> [Exercise directions] Once you reach the line with "A. Đường thẳng" below, copy each line exactly, stopping after the line with "Mark Twain's Letters — Volume 3 (1876-1885)", and skip any pictures.

[Image-text web data]
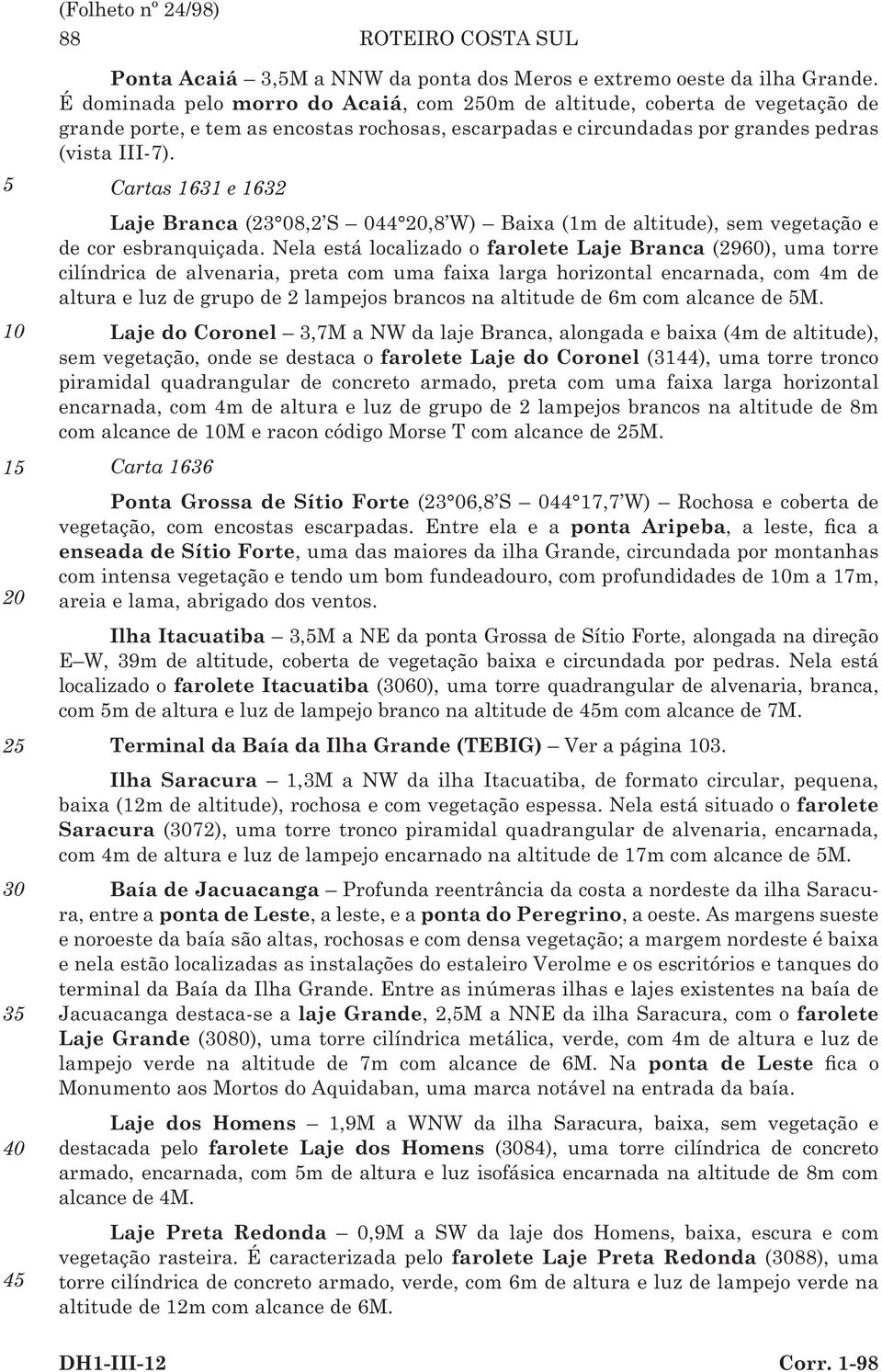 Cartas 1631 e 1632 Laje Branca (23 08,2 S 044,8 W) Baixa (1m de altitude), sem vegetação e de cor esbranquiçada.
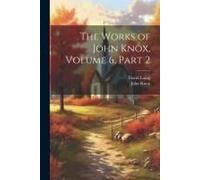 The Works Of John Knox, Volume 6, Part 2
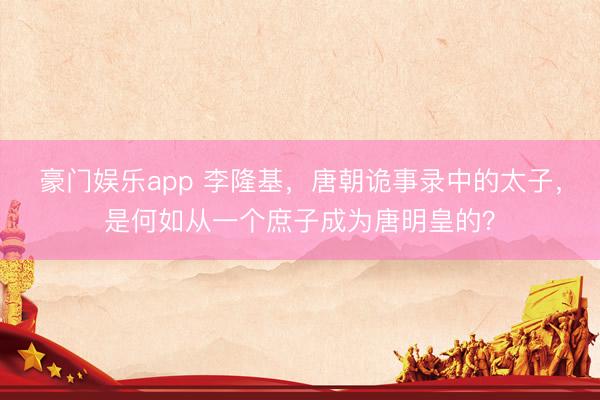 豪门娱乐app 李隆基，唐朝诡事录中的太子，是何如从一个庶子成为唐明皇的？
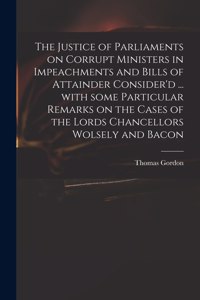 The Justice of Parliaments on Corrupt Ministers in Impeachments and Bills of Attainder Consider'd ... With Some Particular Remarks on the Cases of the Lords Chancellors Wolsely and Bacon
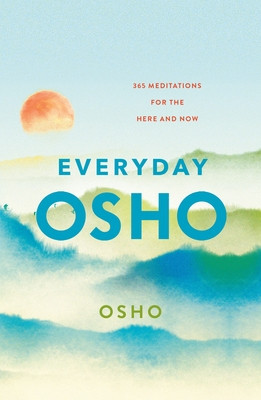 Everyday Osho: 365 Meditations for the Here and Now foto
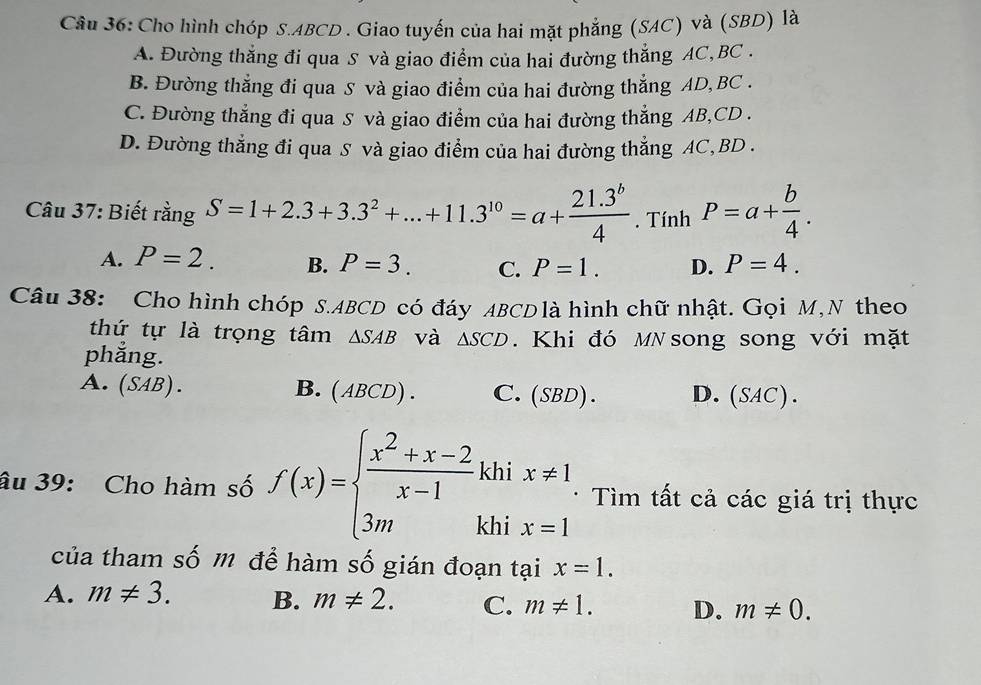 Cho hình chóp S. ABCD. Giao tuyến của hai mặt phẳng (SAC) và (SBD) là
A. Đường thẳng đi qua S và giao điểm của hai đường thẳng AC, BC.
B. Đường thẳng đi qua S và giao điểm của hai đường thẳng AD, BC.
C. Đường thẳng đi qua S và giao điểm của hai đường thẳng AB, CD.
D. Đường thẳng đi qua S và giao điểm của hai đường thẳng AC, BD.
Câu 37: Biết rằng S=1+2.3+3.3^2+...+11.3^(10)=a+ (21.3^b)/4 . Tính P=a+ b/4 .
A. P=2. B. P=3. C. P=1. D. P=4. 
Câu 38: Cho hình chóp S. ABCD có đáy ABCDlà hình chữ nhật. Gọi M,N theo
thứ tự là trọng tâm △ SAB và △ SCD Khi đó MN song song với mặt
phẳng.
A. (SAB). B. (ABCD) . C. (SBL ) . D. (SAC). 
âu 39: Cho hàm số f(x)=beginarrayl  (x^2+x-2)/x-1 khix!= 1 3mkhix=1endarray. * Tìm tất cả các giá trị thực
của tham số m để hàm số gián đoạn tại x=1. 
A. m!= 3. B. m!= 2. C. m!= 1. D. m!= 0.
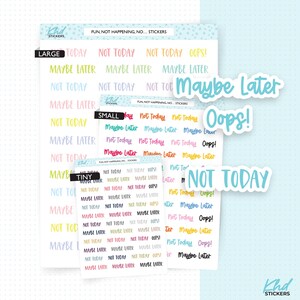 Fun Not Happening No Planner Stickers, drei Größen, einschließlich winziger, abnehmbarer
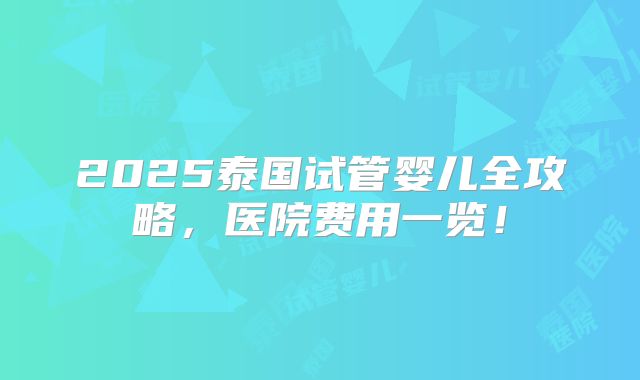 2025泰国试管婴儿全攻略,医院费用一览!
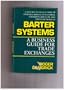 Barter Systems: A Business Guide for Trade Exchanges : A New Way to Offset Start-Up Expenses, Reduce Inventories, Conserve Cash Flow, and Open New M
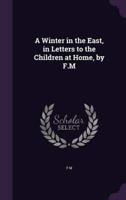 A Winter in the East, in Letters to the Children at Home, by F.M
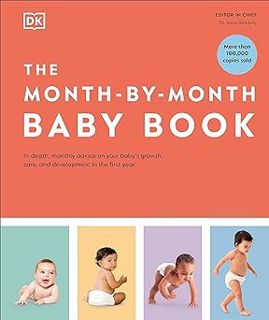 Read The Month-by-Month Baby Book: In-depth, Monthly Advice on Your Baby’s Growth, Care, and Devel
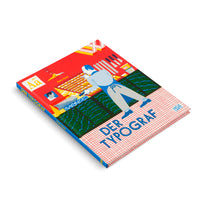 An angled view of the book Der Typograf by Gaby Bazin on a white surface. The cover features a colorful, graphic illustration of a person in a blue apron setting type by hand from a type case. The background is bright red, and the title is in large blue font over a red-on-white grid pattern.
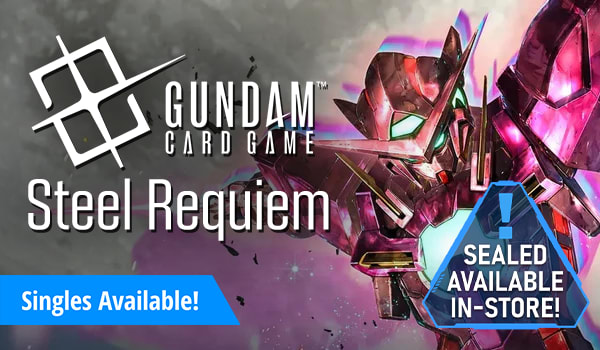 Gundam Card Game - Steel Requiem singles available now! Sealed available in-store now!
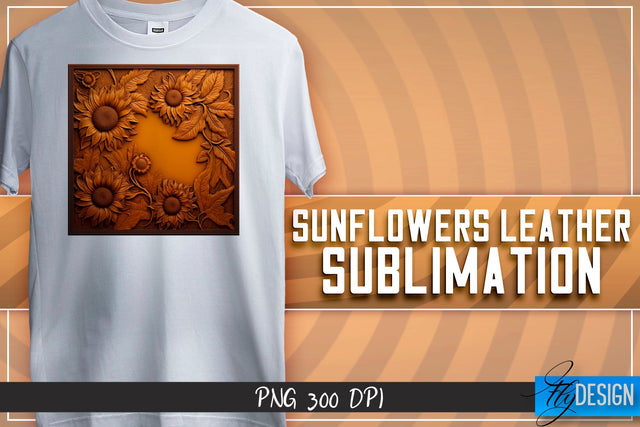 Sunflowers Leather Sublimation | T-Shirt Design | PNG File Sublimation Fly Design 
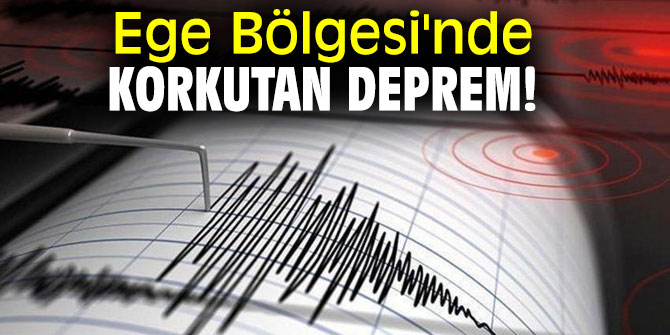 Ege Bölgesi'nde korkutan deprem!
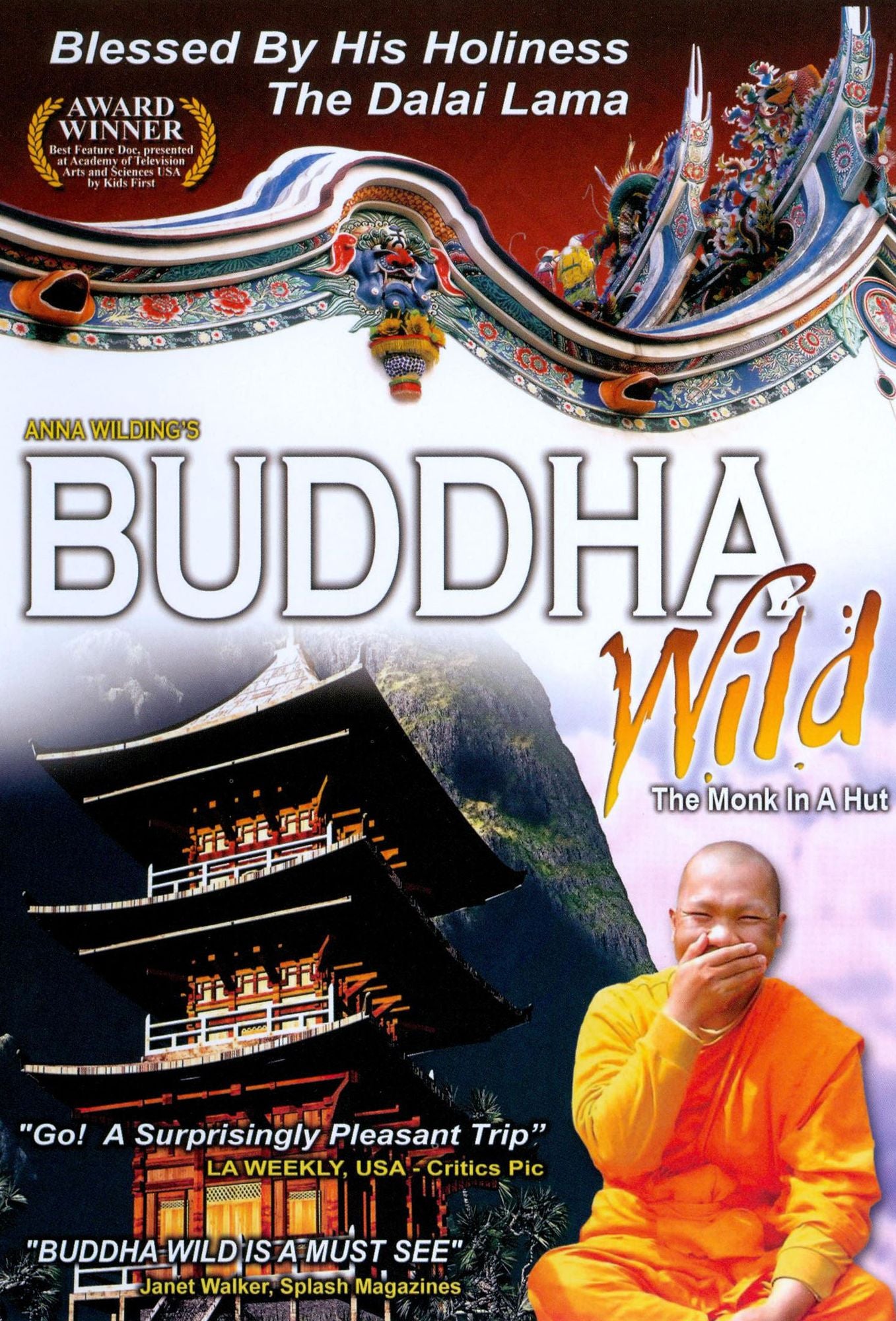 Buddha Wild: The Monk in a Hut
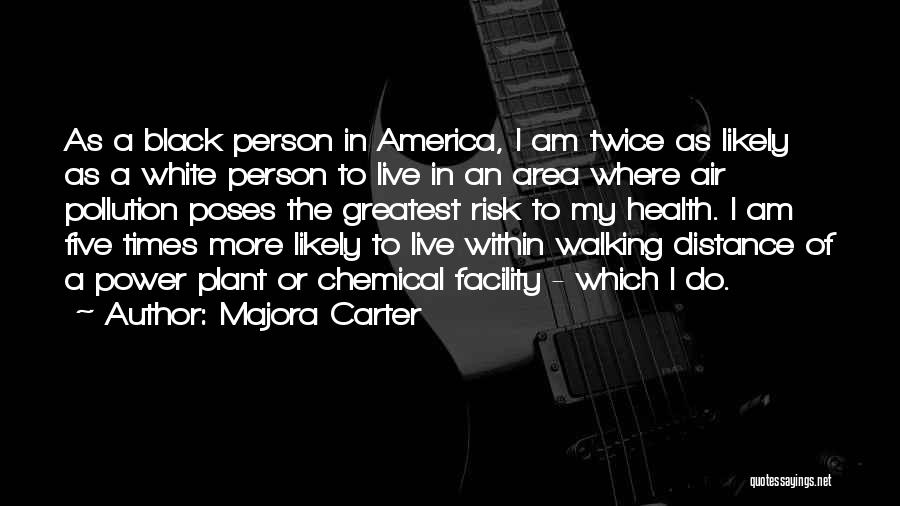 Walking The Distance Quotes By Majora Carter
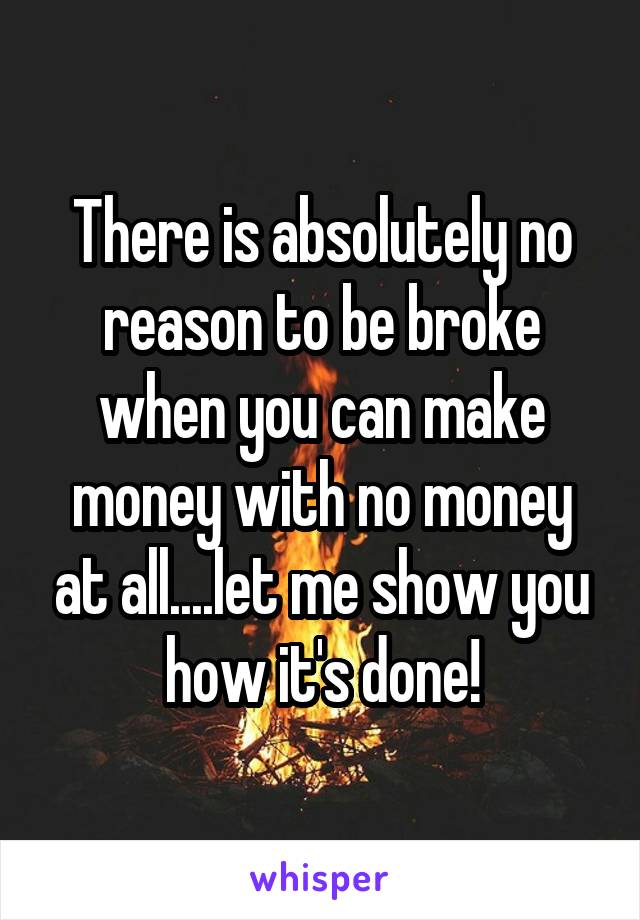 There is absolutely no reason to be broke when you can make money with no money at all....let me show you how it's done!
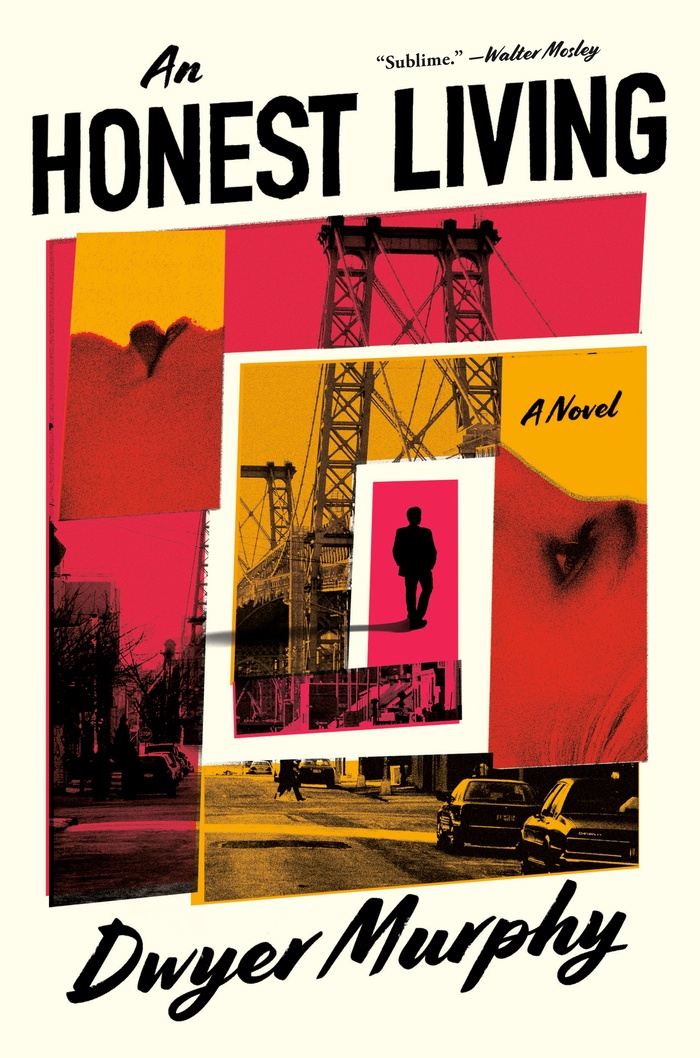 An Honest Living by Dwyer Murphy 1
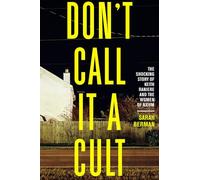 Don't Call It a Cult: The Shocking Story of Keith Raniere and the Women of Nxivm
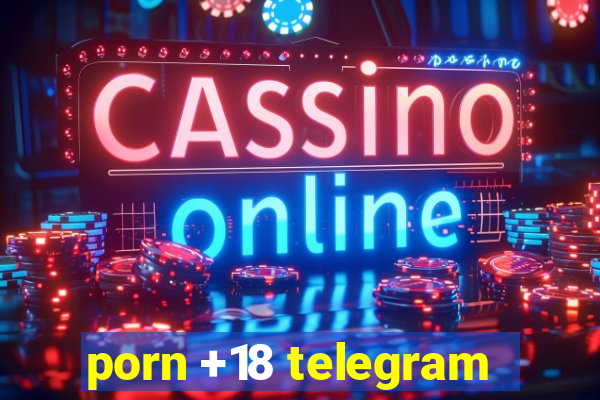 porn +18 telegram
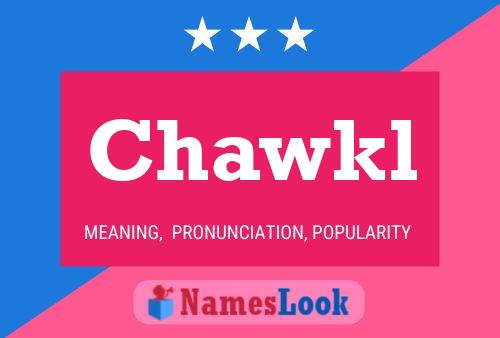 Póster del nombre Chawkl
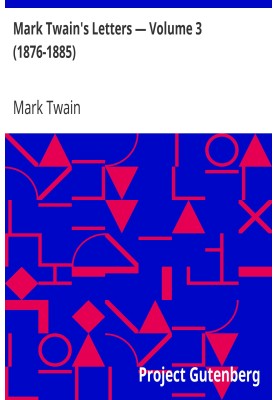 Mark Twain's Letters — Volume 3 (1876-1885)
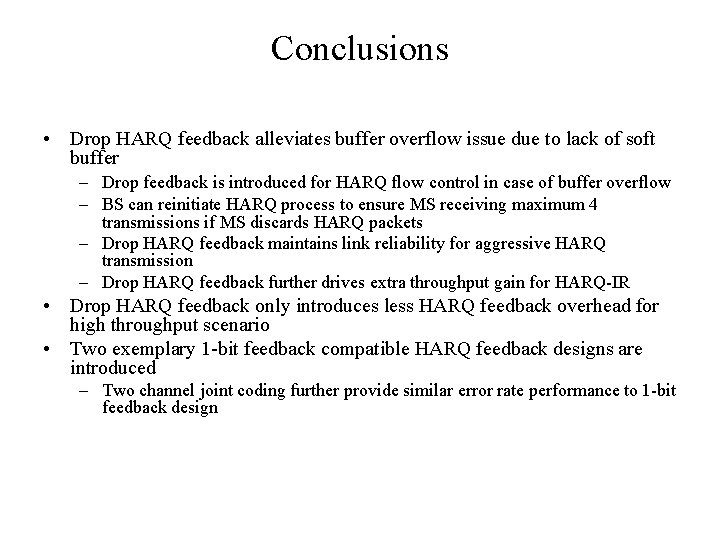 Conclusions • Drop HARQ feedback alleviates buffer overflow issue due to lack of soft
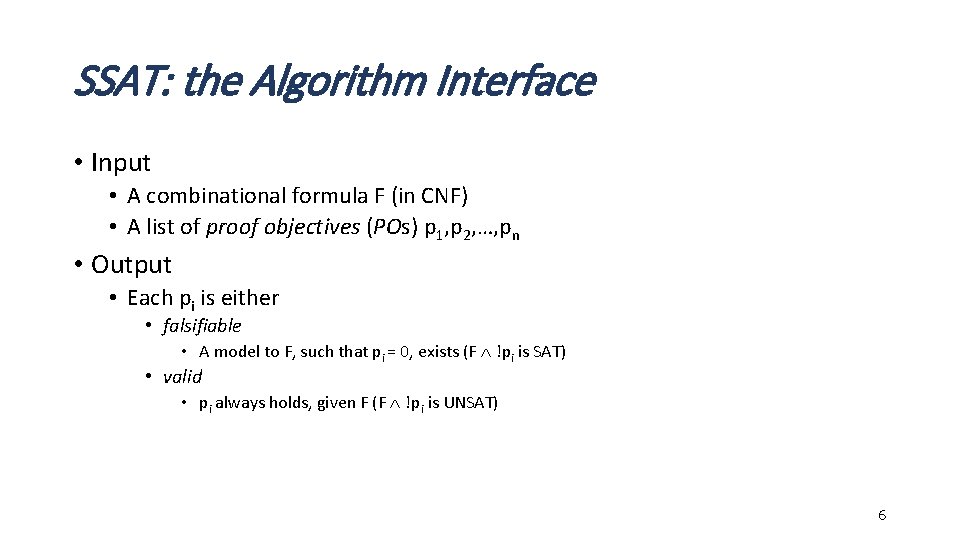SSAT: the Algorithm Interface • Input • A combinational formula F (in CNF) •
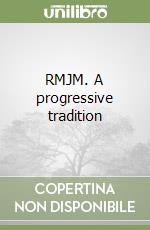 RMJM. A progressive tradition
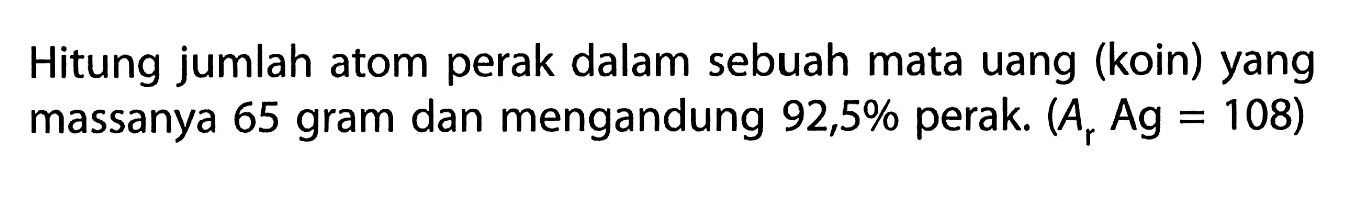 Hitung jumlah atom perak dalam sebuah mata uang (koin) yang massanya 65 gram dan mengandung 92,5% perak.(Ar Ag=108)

> [Written reply]
A. Đường thẳng đi qua S và giao điểm của hai đường thẳng AC, BC.
B. Đường thẳng đi qua S và giao điểm của hai đường thẳng AD, BC.
C. Đường thẳng đi qua S và giao điểm của hai đường thẳng AB, CD.
D. Đường thẳng đi qua S và giao điểm của hai đường thẳng AC, BD.
Câu 37: Biết rằng S=1+2.3+3.3^2+...+11.3^(10)=a+ (21.3^b)/4 . Tính P=a+ b/4 .
A. P=2. B. P=3. C. P=1. D. P=4. 
Câu 38: Cho hình chóp S. ABCD có đáy ABCDlà hình chữ nhật. Gọi M,N theo
thứ tự là trọng tâm △ SAB và △ SCD Khi đó MN song song với mặt
phẳng.
A. (SAB). B. (ABCD) . C. (SBL ) . D. (SAC). 
âu 39: Cho hàm số f(x)=beginarrayl  (x^2+x-2)/x-1 khix!= 1 3mkhix=1endarray. * Tìm tất cả các giá trị thực
của tham số m để hàm số gián đoạn tại x=1. 
A. m!= 3. B. m!= 2. C. m!= 1. D. m!= 0.
 Fun Not Happening No Planner Stickers, drei Größen, einschließlich winziger, abnehmbarer
 2025泰国试管婴儿全攻略,医院费用一览!
 Barter Systems: A Business Guide for Trade Exchanges : A New Way to Offset Start-Up Expenses, Reduce Inventories, Conserve Cash Flow, and Open New M
 A Winter in the East, in Letters to the Children at Home, by F.M
 Read The Month-by-Month Baby Book: In-depth, Monthly Advice on Your Baby’s Growth, Care, and Devel
 An angled view of the book Der Typograf by Gaby Bazin on a white surface. The cover features a colorful, graphic illustration of a person in a blue apron setting type by hand from a type case. The background is bright red, and the title is in large blue font over a red-on-white grid pattern.
 Gundam Card Game - Steel Requiem singles available now! Sealed available in-store now!
 Sunflowers Leather Sublimation | T-Shirt Design | PNG File Sublimation Fly Design 
 Ege Bölgesi'nde korkutan deprem!
 Buddha Wild: The Monk in a Hut
 Walking The Distance Quotes By Majora Carter
 There is absolutely no reason to be broke when you can make money with no money at all....let me show you how it's done!
 An Honest Living by Dwyer Murphy 1
 Don't Call It a Cult: The Shocking Story of Keith Raniere and the Women of Nxivm
 porn +18 telegram
 Póster del nombre Chawkl
 Mark Twain's Letters — Volume 3 (1876-1885)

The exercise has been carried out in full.